In the world of classical music, contemporary music has a bad name. The undesirable reputation attaches itself to new music, too, just as it did in the old days to 20th-century music. New music’s demographic is altogether younger, its audiences are more embracing, more open-eared, more welcoming of surprise, shock and even subversion.
The “new” in the title of last week’s New Music Dublin festival, at the NCH, raises lots of questions, and its artistic director, composer Donnacha Dennehy, simply sidestepped them. He focused on work he finds exciting and stimulating from the past four decades and more. For example, only one-third of the works in the opening and closing concerts were from this century.

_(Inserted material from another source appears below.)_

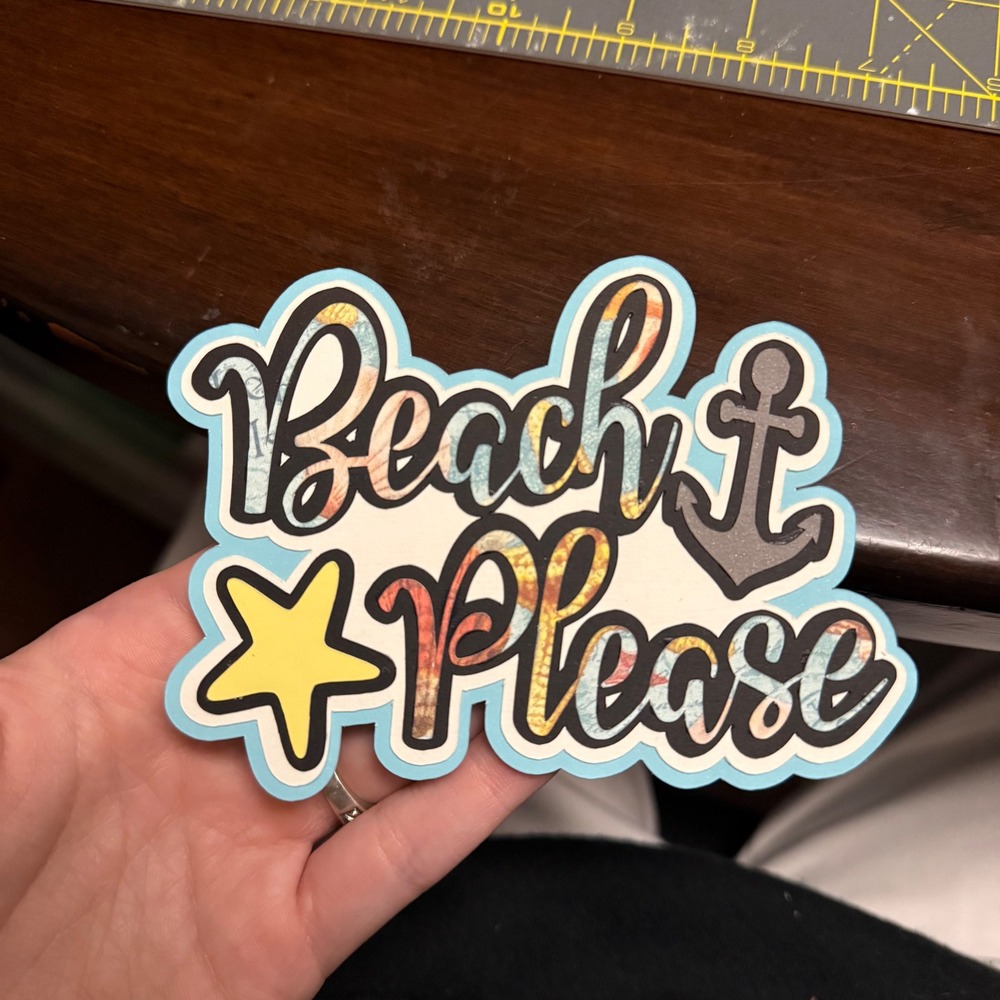 Beach Please Premade Scrapbook Title Nautical Anchor Starfish Die Cut 4.5x3.2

Half were from the 1980s.
I’m not pointing this out to make a complaint. But the old situation where new and contemporary and modern and 20th-century used to be regularly treated as interchangeable is somehow still with us. The Huddersfield Contemporary Music Festival has taken the issue on board by prominently describing itself as “the UK’s largest international festival of new and experimental music”. And an interest in the experimental, in the broadest sense, also governed Dennehy’s choices.
Take Austrian composer Georg Friedrich Haas's String Quartet No 1 from 1997, which requires a special tuning of each of a string quartet's 16 strings and proceeds in a kind of stuttering discordancy. Or his Quartet No 3, In iij. Noct. , of 2001, which is to be played in total darkness, with the four musicians, all playing from memory, placed apart, typically around the audience. In the Arditti's performance, the unusual resonances coaxed from the four instruments were even more impressive than in the First Quartet.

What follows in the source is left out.